SERATUS tiga puluh tahun berlalu sejak HG Wells memperkenalkan mesin waktu lewat novelnya, The Time Machine (1895). Namun, hingga detik ini tidak ada satu pun manusia yang mampu melintasi waktu, pun sekadar lintang pukang tanpa kurun tertentu.
Meski begitu, mengutip Wells, tiap kita menyimpan mesin waktunya masing-masing. Memori dan kenangan bisa membawa kita ke masa lalu, serta impian yang mengarung ke masa depan.
Sebuah posting di Facebook pun bisa berubah jadi mesin waktu. Ini terjadi saat saya melihat foto anak laki-laki yang terakhir bertemu beberapa tahun lalu, berpose dalam jas dan dasi saat mengikuti pelepasan atau wisuda SMK.
Saya pun menghitung, ternyata sudah enam tahun berlalu sejak kami kehilangan rekan dan teman baik di ruang redaksi Kompas.com. Enam tahun sudah Ervan Hardoko, bapak dari anak laki-laki yang wisuda SMK itu, tutup usia.

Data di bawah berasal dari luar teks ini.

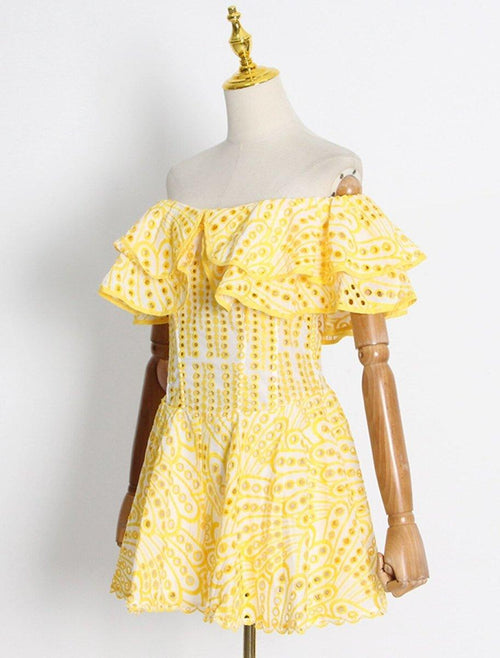 NumberSea - A - Line Party Dresses Floral Dress Holiday Short / Mini Short Sleeve Off Shoulder Polyester with Embroidery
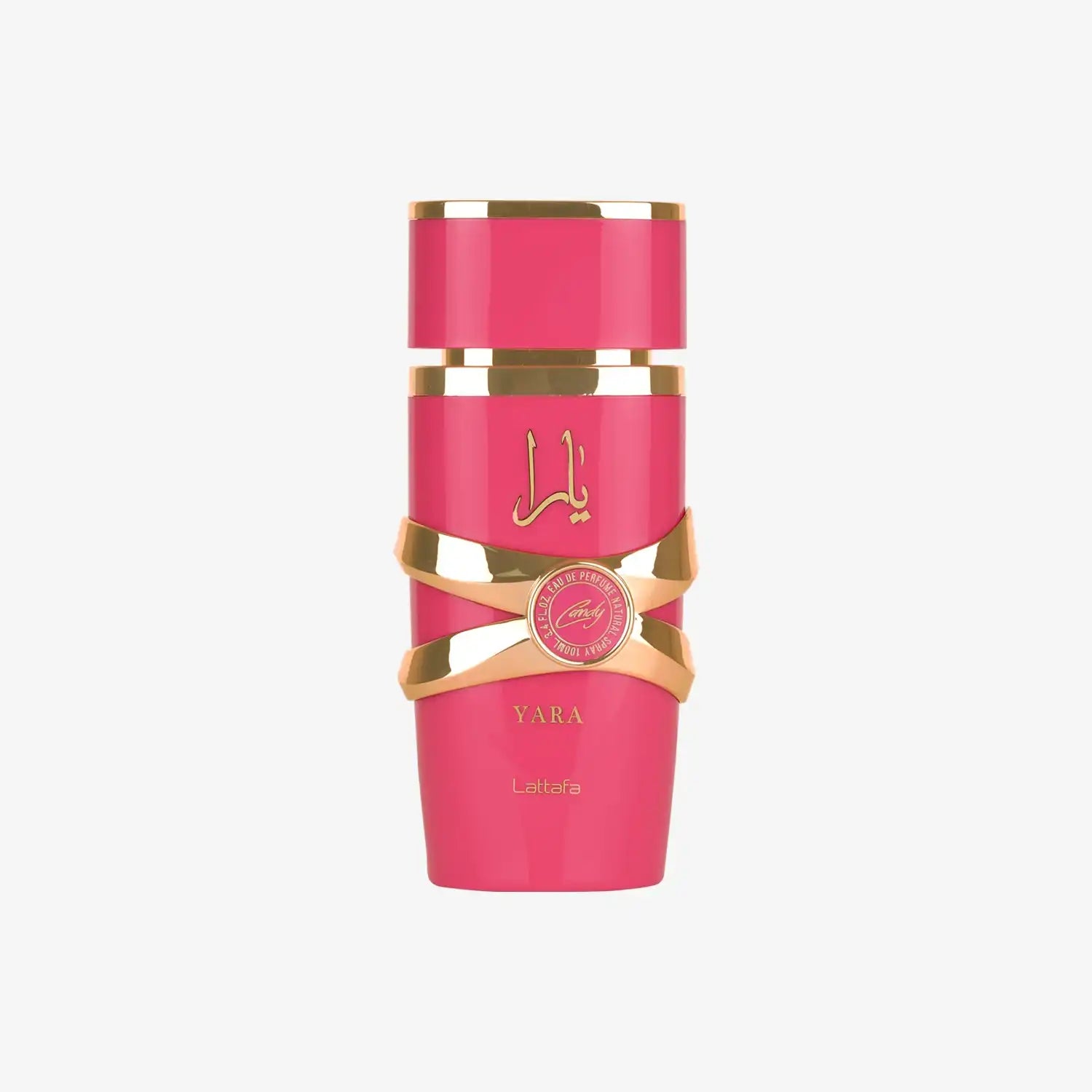 Yara pink and gold perfume bottle with Arabic script, gold accents, and modern design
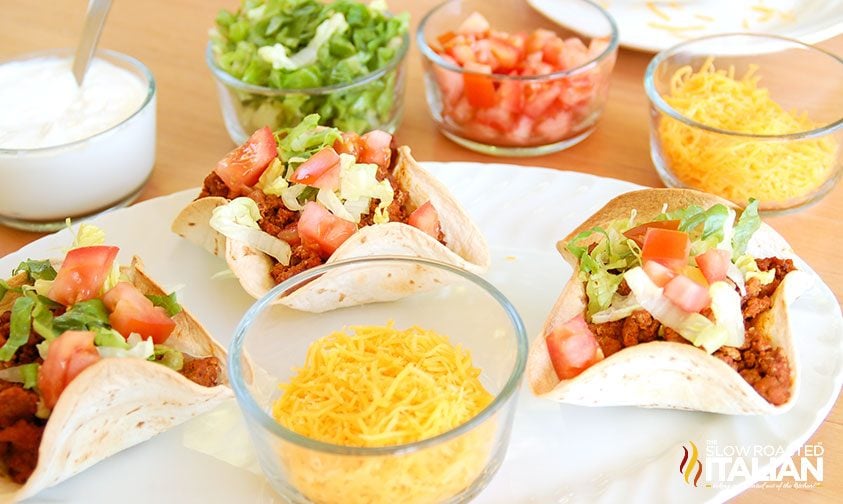 taco bowls for mexican party food table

Ervan Hardoko, yang biasa saya panggil Mas Koko, meninggal dunia 8 Agustus 2019 saat berusia 45 tahun. Dia meninggalkan istri dan seorang anak yang saat itu baru masuk SMP. Empat puluh lima tahun, usia yang terbilang muda bagi manusia.
Mas Koko meninggal setelah berjuang melawan penyakit ginjal yang baru disadari delapan bulan terakhir dalam hidupnya.
Setelah libur Natal dan Tahun Baru, dia dirawat di rumah sakit. Dia tidak berpikir sakitnya serius karena masih berpikir bisa mengubah jadwal kereta dan segera berkantor di Solo seperti biasa.
Kabar buruk pun datang. Dokter mengindikasikan ginjalnya bermasalah dan perlu pemeriksaan laboratorium.
Saya agak lupa seperti apa hasilnya, tetapi fungsi ginjalnya tidak baik. Kalau enggak salah ingat, fungsi ginjal Mas Koko di bawah 10 persen. Ini berarti Mas Koko harus rutin cuci darah, membatasi makan dan minum karena ginjalnya tidak lagi bisa bekerja keras seperti biasa.
Family man
Pada masa-masa awal menjalani cuci darah, Mas Koko belum bisa balik ke Solo. Saat Kompas.com membentuk tim redaksi yang berkantor di Solo, dia memang ditunjuk sebagai kepala kantor.
Mas Koko cukup antusias menerima penugasan itu karena orangtuanya tinggal di Salatiga. Jarak Solo ke Salatiga yang bisa ditempuh dengan perjalanan 1 jam bermotor salah satu alasan dia menerima penugasan ini.